— DATA —
^^^^^^^^^^^^^^^^

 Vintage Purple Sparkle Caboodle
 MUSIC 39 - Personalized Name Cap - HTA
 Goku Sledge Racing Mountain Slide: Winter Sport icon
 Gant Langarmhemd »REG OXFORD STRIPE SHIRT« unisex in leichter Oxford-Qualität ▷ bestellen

^^^^^^^^^^^^^^^^

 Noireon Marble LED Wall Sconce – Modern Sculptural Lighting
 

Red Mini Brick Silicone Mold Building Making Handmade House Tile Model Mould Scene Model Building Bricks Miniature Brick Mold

^^^^^^^^^^^^^^^^

Everything from the line containing "Vintage Purple Sparkle Caboodle" through the line containing "Oxford-Qualität ▷ bestellen" in the material above should be retyped exactly, both ends included, and nothing more.

 Vintage Purple Sparkle Caboodle
 MUSIC 39 - Personalized Name Cap - HTA
 Goku Sledge Racing Mountain Slide: Winter Sport icon
 Gant Langarmhemd »REG OXFORD STRIPE SHIRT« unisex in leichter Oxford-Qualität ▷ bestellen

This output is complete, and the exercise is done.